Possible speedup for benchmark
jcupitt opened this issue · 3 comments
Hello, this project looks very interesting.
I don't know exlir, but I wonder if your small benchmark is hitting the libvips fast path?
https://github.com/kipcole9/image/blob/main/bench/vips_v_mogrify.exs
I'm not sure it's using sequential mode, and I don't think it's exploiting JPEG shrink-on-load (though I'm not certain, of course, sorry).
Here's a tiny benchmark in python to show the difference:
#!/usr/bin/python3
import sys
import time
import pyvips
print(f"random access, using thumbnail_image:")
start = time.time()
x = pyvips.Image.new_from_file(sys.argv[1])

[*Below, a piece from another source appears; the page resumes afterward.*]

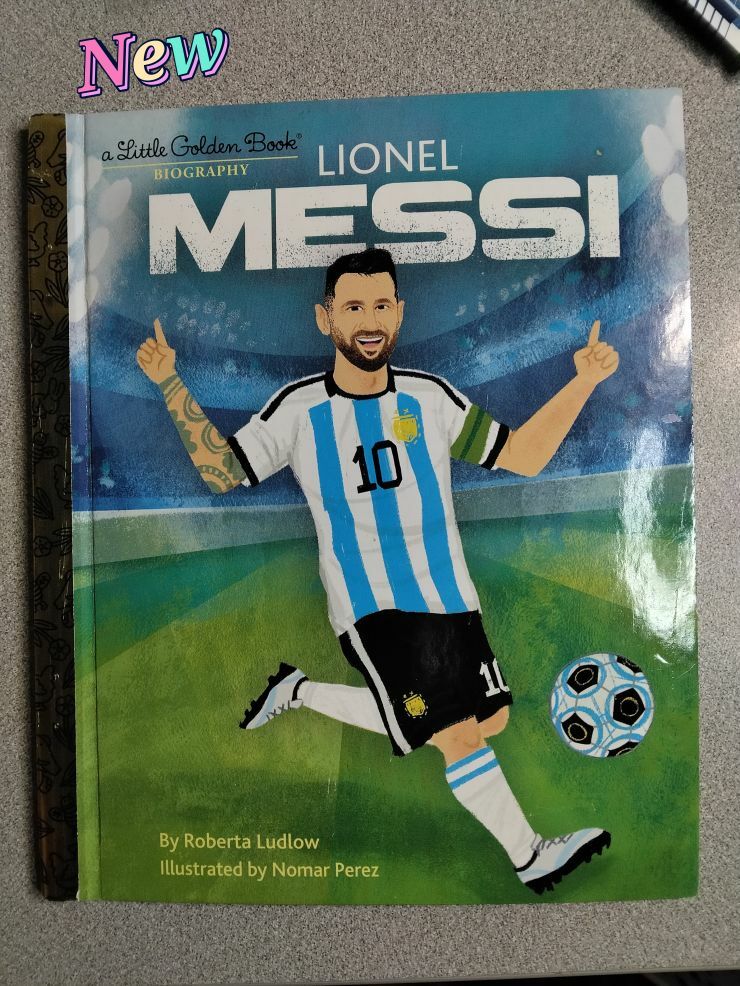 Free: Lionel Messi Little Golden Book New Hardcover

x = x.thumbnail_image(256);
x.write_to_file(sys.argv[2])
end = time.time()
print(f"took {(end - start) * 1000:.2f}ms")
print(f"sequential access, using thumbnail:")
start = time.time()
x = pyvips.Image.thumbnail(sys.argv[1], 256)

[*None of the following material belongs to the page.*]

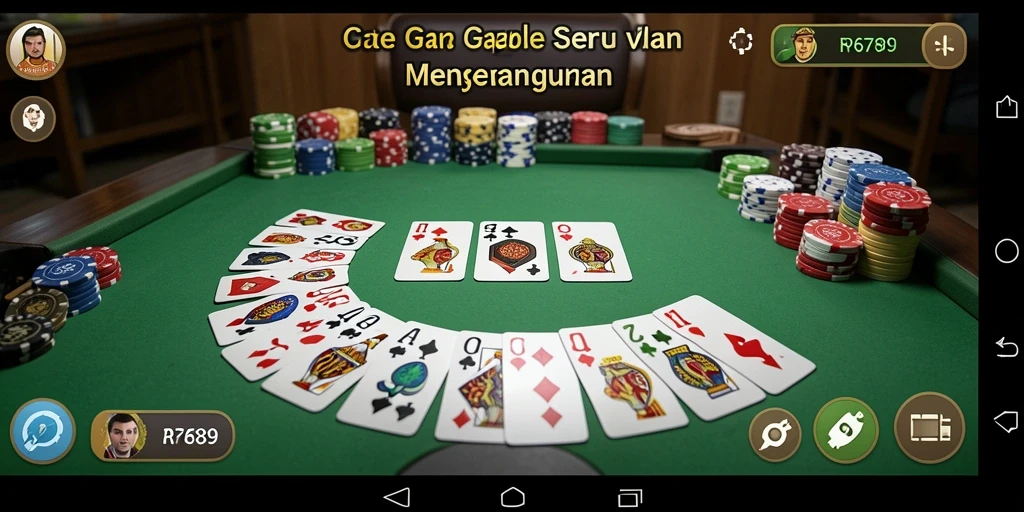 Tampilan gameplay seru dalam permainan Gaple RP6789.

x.write_to_file(sys.argv[2])
end = time.time()
print(f"took {(end - start) * 1000:.2f}ms")
I see:
$ ./bench.py ~/pics/nina.jpg x.jpg
random access, using thumbnail_image:
took 398.28ms
sequential access, using thumbnail:
took 39.30ms
Where nina.jpg
is a 6k x 4k jpeg.
You'll see a large drop in memory use too. If I comment out the thumbnail
version and just measure thumbnail_image
, I see:
$ /usr/bin/time -f %M:%e ./bench.py ~/pics/nina.jpg x.jpg
random access, using thumbnail_image:
took 434.63ms
sequential access, using thumbnail:
took 0.00ms
235708:0.59
ie. a peak of 240mb of ram. If I comment out the thumbnail_image
version and just time thumbnail
, I see:
$ /usr/bin/time -f %M:%e ./bench.py ~/pics/nina.jpg x.jpg
random access, using thumbnail_image:
took 0.00ms
sequential access, using thumbnail:
took 35.46ms
54208:0.17
Peak memory use of 54mb.
If you're curious, there's a chapter in the docs explaining how the access mode flag works:
https://www.libvips.org/API/current/How-it-opens-files.md.html
And a page on the wiki about how thumbnail works:
https://github.com/libvips/libvips/wiki/HOWTO----Image-shrinking
We ought to move that into the main docs and update it.
@jcupitt Thanks very much for checking in. Surprised my small little project got your attention!
I have read the docs you mentioned (read as much as I can get my hands on) and those early benchmarks were before I understood the difference in behaviour with thumbnail
and thumbnail_image
. So now my library implementation makes it easy to use both (pass a file path, it uses thumbnail
, pass an image
it uses thumbnail_image
.
I also default in my API for Image.open
to access=sequential
since that has the benefits your've outlined well. It feels like this is the most sane default for a library whose primary intent is streamed transformations. If you think that's a mistake, please let me know!
libvips
is a amazing work, great craft. And its functional orientation, immutability and multi-threaded nature aligns really well with the Erlang BEAM VM upon which Elixir runs.
I'll revisit the benchmarks when I finish up some image streaming work and will update this issue with the results. Many thanks again.
--Kip
Hi Kip, sure, that all sounds good. So the lines:
{:ok, image} = Image.open(image_path)
{:ok, image} = Image.resize(image, 250)
out_path = Temp.path!(suffix: ".jpg", basedir: temp_dir)
:ok = Image.write(image, out_path)
Turn into thumbnail
behind the scenes? That's very neat.
Yes, I started off in functional programming, so libvips is supposed to be a bit like Haskell (lazy, pure, memoization, etc.). I think you're the first person to say this!
The runtime on which this runs supports functions with the same name and arity but with different types of parameters. So in this case, Image.resize
can be called with either an Image
parameter or a string that is considered to be a pathname:
# We land here if `resize` is called with an image (%Vimage{} is syntax to referring to
# a data structure.
def resize(%Vimage{} = image, width, options) when is_size(width) do
with {:ok, options} <- Resize.validate_options(options) do
Operation.thumbnail_image(image, width, options)
end
end
# We land here if `resize` is called with a string. The `is_binary(image_path)` is
# called a `guard clause` and the function is called only if the parameters
# meet the guard conditions. In this language a string is a subtype of a binary
# type.
def resize(image_path, width, options) when is_binary(image_path) and is_size(width) do
with {:ok, options} <- Resize.validate_options(options),
{:ok, _file} = file_exists?(image_path) do
Operation.thumbnail(image_path, width, options)
end
end
I've taken up enough of your time, I'll close the issue with much thanks.